Пока князь витийствовал, она, рассуждая холодно, давно преодолев первое удивление, уже придумала план действий. Слишком серьезной была ситуация, чтобы ограничиться слезами и уверениями в своей невиновности, которым в таком положении никто не поверит ни капельки…

Она вскочила, мастерски сделав вид, будто захлебывается от безутешных рыданий:

— Вы… Ваше… Как же…

И выбежала, закрыв лицо руками.
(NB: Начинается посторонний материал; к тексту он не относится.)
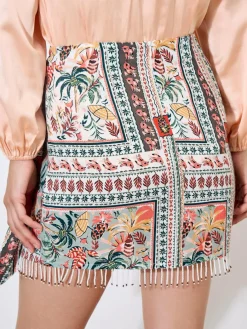 Apricot Röcke*Damen Rock mint bedruckt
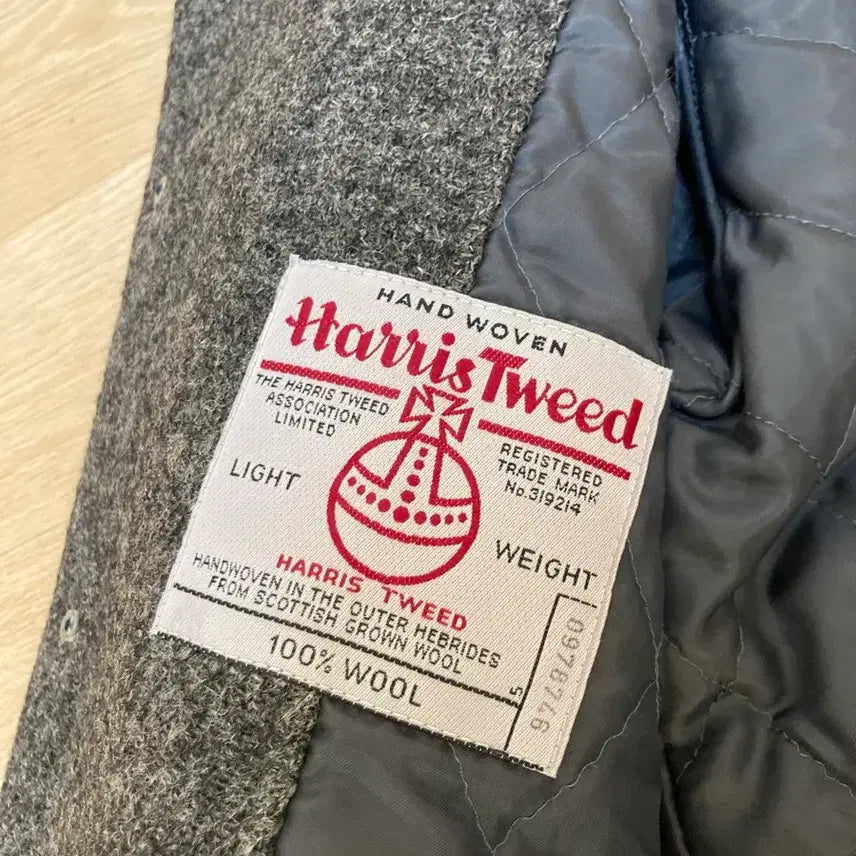 [BUNJANG] J.Press Harris Tweed Half Coat M / 제이프레스 해리스 트위드 하프 코트 M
Оказавшись в коридоре, моментально опустила руки, огляделась, приоткрыла дверь «атласной» гостиной и, после беглого взгляда убедившись, что никого там нет, сделала несколько замысловатых движений руками, мстительно улыбаясь, нечто про себя прошептала.

И вернулась в княжеский кабинет — с гордо поднятой головой, сухими глазами и непреклонным выражением лица. Подойдя вплотную к столу с золочеными углами, Ольга произнесла ледяным тоном, внутренне посмеиваясь:

— Ну и всполошили же вы меня, Андрей Дмитриевич… Всполошили, перепугали, ошарашили… Я не сразу и сообразила… Я, конечно, вас прощаю, откуда вам было знать…

Ты изволишь меня прощать? — вытаращил глаза князь.

— Вот именно, — сказала Ольга безмятежно. — Хочу быть великодушной. Прекрасно понимаю, что вашей вины тут нет…

Князь медленно-медленно выпрямился во весь свой немаленький рост, его лицо побагровело.

— Уж не умом ли вы, сударыня, тронулись? — произнес он столь ледяным тоном, что подмывало оглянуться, не замерзли ли цветы, росшие под окном на клумбе.

— Андрей Дмитриевич, Андрей Дмитриевич… — покачала Ольга головой с видом глубочайшего сочувствия. — При вашем уме и жизненном опыте, генеральском чине и положении в обществе… Стыдно вам не знать того, что знает в усадьбе любой поваренок…

Кажется, ей удалось сбить князя с толку. Он совершенно утратил воинственный пыл, потому что такого тона и такого взгляда решительно не ожидал, потому что Ольга держалась совершенно не так, как ветреной грешнице в подобной ситуации следовало бы…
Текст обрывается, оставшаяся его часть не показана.